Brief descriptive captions
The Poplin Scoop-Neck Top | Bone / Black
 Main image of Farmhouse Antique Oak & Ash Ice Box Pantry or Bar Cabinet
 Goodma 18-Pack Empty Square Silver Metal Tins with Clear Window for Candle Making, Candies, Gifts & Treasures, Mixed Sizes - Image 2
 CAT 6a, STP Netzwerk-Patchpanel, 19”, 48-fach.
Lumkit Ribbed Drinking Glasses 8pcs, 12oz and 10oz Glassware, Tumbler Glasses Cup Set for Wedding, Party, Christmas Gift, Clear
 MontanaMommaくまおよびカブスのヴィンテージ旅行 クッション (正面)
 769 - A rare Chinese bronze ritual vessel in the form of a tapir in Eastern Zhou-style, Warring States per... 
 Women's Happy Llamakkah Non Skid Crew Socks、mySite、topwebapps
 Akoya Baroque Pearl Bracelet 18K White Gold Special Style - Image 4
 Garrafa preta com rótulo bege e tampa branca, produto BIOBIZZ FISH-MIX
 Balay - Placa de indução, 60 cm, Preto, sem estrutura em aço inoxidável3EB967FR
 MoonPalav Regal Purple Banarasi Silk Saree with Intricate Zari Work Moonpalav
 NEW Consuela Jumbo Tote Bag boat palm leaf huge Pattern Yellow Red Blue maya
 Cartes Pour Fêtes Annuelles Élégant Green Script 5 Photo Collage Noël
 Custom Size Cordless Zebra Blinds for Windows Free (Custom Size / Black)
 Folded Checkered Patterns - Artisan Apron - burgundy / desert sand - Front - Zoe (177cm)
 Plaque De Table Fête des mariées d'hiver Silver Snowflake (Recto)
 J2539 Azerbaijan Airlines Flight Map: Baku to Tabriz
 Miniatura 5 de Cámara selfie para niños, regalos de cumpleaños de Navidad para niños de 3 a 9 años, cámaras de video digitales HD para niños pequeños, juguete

Problem: Output exactly what runs from the line with "MoonPalav Regal Purple" to the final line above, both lines included, and nothing else.

Task answer:
 MoonPalav Regal Purple Banarasi Silk Saree with Intricate Zari Work Moonpalav
 NEW Consuela Jumbo Tote Bag boat palm leaf huge Pattern Yellow Red Blue maya
 Cartes Pour Fêtes Annuelles Élégant Green Script 5 Photo Collage Noël
 Custom Size Cordless Zebra Blinds for Windows Free (Custom Size / Black)
 Folded Checkered Patterns - Artisan Apron - burgundy / desert sand - Front - Zoe (177cm)
 Plaque De Table Fête des mariées d'hiver Silver Snowflake (Recto)
 J2539 Azerbaijan Airlines Flight Map: Baku to Tabriz
 Miniatura 5 de Cámara selfie para niños, regalos de cumpleaños de Navidad para niños de 3 a 9 años, cámaras de video digitales HD para niños pequeños, juguete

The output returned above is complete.